David Headley, a Pakistan-born American national arrested in Chicago in October, is alleged to have carried out reconnaissance missions in the run-up to the Mumbai attacks, in which 166 people were killed.
He is also believed to have been present in the terrorists' "control room" in Pakistan where their handlers directed the killing spree over an open telephone line.
According to Indian officials, Headley travelled to India again in March this year, with the knowledge of American agencies who did not inform their Indian counterparts. During the trip, Headley is alleged to have collected intelligence for future terrorist attacks on civilian and military targets, including India's National Defence College.

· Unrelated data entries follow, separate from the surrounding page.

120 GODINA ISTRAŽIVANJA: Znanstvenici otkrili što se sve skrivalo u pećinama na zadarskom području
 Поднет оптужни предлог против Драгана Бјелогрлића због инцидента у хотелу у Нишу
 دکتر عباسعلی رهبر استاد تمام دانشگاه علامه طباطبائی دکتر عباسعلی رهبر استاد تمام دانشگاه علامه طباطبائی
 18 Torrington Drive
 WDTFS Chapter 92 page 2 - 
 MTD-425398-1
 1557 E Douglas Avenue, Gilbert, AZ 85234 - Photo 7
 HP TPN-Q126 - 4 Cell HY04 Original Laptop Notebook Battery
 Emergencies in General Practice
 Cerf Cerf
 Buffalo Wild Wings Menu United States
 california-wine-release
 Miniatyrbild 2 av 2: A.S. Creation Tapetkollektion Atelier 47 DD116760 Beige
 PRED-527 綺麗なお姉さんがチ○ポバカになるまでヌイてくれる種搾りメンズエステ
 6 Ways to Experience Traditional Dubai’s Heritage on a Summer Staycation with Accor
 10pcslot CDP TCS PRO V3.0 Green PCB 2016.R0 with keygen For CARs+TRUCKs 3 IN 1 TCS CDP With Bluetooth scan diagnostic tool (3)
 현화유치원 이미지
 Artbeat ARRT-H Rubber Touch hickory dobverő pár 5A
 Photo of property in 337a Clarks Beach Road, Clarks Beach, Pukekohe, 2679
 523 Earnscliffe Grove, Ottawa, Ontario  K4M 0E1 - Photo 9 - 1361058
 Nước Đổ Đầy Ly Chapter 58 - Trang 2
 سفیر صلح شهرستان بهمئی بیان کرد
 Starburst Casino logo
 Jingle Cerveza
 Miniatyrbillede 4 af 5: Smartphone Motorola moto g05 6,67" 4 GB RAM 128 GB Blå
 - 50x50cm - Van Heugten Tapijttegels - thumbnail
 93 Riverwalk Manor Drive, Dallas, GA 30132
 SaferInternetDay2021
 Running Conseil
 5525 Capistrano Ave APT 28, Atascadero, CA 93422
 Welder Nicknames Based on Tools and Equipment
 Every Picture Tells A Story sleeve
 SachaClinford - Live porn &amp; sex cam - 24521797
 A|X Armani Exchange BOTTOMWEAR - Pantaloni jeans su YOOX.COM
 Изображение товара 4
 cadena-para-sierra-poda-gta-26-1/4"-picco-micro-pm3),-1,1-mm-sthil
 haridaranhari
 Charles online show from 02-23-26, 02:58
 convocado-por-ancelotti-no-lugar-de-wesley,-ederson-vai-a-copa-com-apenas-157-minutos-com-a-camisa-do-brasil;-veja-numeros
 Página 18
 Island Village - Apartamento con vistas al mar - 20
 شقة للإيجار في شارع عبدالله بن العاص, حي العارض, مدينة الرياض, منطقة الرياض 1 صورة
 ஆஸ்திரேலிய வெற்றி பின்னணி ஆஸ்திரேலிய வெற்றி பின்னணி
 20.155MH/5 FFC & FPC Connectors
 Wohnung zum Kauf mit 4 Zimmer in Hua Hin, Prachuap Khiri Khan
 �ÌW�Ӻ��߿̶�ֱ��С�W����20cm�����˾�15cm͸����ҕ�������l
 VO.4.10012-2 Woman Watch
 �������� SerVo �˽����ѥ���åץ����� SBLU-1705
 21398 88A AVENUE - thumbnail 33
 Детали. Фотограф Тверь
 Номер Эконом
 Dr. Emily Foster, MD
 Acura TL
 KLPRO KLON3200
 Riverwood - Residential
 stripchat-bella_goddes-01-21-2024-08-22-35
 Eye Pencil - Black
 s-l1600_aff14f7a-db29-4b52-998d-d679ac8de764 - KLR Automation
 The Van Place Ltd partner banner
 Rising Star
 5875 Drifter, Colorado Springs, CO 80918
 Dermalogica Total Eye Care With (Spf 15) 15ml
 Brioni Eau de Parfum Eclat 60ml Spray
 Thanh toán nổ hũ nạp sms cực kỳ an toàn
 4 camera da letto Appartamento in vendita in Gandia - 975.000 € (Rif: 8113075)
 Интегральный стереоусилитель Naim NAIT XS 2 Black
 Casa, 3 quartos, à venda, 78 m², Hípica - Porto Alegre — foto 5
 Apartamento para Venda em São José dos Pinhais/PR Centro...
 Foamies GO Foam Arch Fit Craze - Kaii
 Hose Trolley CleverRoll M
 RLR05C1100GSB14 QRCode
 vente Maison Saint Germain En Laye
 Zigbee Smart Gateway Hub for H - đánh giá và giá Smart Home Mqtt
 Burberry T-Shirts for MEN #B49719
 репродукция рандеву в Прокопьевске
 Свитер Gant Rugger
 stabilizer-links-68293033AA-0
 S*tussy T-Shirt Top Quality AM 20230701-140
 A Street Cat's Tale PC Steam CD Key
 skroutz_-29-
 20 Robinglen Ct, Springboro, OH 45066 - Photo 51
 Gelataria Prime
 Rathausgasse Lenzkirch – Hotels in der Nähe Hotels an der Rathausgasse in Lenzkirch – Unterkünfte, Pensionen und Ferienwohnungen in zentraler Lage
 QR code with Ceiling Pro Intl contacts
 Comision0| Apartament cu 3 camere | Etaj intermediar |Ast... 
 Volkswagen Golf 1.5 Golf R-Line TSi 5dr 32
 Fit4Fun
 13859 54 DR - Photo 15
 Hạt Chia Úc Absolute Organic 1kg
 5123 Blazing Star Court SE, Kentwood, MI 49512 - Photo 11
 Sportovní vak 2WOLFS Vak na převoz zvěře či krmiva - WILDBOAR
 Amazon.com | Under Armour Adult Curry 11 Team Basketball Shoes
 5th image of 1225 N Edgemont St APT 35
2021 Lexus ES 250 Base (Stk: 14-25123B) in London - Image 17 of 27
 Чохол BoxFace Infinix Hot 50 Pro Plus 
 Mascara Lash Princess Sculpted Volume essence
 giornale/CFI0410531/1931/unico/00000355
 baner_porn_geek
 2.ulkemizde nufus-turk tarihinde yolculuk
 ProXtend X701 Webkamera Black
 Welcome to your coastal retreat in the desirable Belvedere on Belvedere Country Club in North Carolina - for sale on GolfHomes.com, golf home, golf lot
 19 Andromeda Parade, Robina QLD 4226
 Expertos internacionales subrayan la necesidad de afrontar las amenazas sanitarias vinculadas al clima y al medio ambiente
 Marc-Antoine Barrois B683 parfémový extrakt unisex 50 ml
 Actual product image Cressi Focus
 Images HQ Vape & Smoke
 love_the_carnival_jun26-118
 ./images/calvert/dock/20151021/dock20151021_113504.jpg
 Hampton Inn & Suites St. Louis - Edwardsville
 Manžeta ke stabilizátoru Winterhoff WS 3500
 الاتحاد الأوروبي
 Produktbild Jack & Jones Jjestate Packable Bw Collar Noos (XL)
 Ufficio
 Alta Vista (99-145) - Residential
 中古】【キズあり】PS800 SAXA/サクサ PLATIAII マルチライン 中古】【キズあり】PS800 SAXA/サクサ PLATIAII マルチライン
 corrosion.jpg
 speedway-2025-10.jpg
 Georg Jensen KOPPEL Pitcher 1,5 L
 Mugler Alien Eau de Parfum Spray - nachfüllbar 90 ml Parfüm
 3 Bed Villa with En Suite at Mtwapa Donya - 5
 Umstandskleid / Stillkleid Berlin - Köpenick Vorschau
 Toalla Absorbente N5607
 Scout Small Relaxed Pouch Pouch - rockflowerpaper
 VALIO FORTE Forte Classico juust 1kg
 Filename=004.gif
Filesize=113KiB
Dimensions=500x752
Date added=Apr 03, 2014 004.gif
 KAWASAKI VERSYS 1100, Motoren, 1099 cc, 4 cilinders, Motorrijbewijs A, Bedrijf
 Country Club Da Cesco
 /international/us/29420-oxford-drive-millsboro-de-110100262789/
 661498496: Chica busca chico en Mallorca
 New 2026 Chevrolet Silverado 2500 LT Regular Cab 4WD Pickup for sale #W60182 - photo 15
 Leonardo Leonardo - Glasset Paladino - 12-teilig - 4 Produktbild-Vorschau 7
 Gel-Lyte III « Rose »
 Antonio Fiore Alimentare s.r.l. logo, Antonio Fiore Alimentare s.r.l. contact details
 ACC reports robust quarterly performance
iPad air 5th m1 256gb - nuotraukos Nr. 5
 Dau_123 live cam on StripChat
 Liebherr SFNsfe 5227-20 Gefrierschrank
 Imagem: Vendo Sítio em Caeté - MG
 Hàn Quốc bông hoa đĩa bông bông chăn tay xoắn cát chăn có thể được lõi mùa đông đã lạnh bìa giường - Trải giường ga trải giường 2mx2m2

Indian officials are desperate to question Headley but have been frustrated by American refusals to grant them access. A team of Indian investigators travelled to Washington shortly after Headley was arrested in October but soon returned after their American counterparts told them they would not be able to meet him.
They want to question him about the Mumbai attacks involved Pakistan's ISI intelligence agency in any way and the role of Indian extremists in providing logistical support.
American officials say that under US law they cannot force any person in their custody to give evidence to foreign agencies. But Indian intelligence officers have questioned why Washington is not doing more to help their own inquiry and suggested Headley's connections with American intelligence agencies is behind the reluctance.
Headley, who was born Daood Syed Gilani and schooled in Pakistan before moving to Philadelphia with his American mother in 1977, was convicted of smuggling heroin into the United States in 1998. He served only 15 months in jail after agreeing to become an informant for the Drugs Enforcement Administration (DEA). He changed his name to David Headley in 2006.
According to Indian officials he continued to serve as a DEA informant until shortly before his arrest in October. Indian intelligence sources believe Headley may have been recruited to work for the CIA which, along with the FBI, shared intelligence with the DEA and other government agencies after the creation of the National Counter-Terrorism Centre in 2004.
B. Raman, a former senior official in India's intelligence agency, said: "He was working for Lashkar e Taiba, taking photographs and video recordings of the [Mumbai] hotels and harbour. And he was an agent for the DEA on drugs, so in that sense he was a double agent.
"Indian officials are very keen to question him about his network, but we can't because we might find out about any connections with the CIA or ISI. They don't want that to happen. The Americans say 'you ask us what you want us to find out and we'll share the information'," he added.